The other new tool is the PUE Calculator. PUE (power usage effectiveness) looks at the total amount of power being used by a data center, and compares it to the amount of power that actually reaches the IT equipment, as opposed to being used for cooling systems or wasted in inefficient power supplies.
It was the Green Grid Consortium that came up with the PUE metric, which is catching on as a way to measure the energy efficiency of data centers.
The calculator will take into account subsystems within data centers, which might have a different PUE number from the facility as a whole. In particular it is a response to the use of containerized data centers, or small, standalone data centers packed into customized shipping containers.
The online tool lets companies enter the PUEs of their various subsystems and come up with a result for the facility as a whole, said Mike Patterson, chairman of the Green Grid's technology and strategy working group, who is also a senior power and thermal architect at Intel.
PUE numbers have been used as a marketing tool by some Internet companies to show off the efficiency of their facilities. Patterson said a more suitable use is for comparing the efficiency of a single data center over time, as a way to gauge the success of energy-efficiency projects, for example.

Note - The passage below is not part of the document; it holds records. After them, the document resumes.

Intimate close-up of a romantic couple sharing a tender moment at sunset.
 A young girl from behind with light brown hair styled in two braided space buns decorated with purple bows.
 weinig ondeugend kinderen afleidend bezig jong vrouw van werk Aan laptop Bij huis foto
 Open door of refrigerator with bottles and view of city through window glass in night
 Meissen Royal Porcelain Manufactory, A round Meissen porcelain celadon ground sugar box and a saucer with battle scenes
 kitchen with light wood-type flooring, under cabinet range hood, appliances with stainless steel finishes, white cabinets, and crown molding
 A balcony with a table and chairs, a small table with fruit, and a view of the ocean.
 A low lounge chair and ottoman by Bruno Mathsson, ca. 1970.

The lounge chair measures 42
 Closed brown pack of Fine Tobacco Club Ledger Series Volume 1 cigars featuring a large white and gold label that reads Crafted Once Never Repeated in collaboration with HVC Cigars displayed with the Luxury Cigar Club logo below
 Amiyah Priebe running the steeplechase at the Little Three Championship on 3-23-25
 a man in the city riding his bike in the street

The average data center has a PUE of approximately 2.0, meaning less than half the energy supplied to the data center actually reaches the IT equipment. The maximum PUE that the Green Grid will recognize is 1.0, meaning all the energy is reaching the IT equipment -- something that is very hard to achieve.
But some companies have reported PUE scores below 1.0, sometimes because they generate some of their own power on site. The Green Grid is working on a metric that will take on-site power generation into account and allow companies to have sub-1.0 scores, Patterson said.
The Green Grid has decided to focus on PUE as its preferred metric for simplification purposes. It originally came up with a second, very similar metric, Data Center infrastructure Efficiency (DCiE), that measures the same thing as PUE in a slightly different way.
"Everyone has sort of rallied around PUE," Patterson said.
The group is also presenting improvements to another tool Thursday, its Fresh Air Cooling calculator. It takes publically available temperature and humidity data and allows companies to calculate how many days of the year they could use fresh air to cool their data centers, as a supplement to standard cooling systems. Last year the consortium added Europe and Japan to the regions covered by the tool.
It also released a new white paper recently, on the impact of virtualization on data center physical infrastructure.
The consortium would like to get feedback about its new tools. Comments and questions can be sent to email@example.com for the Power Efficiency Estimator, and firstname.lastname@example.org for the PUE Calculator.
There's been a sharp increase in focus in recent years on the amount of energy used by data centers, in part because they are becoming an increasingly costly component of many organizations' operations.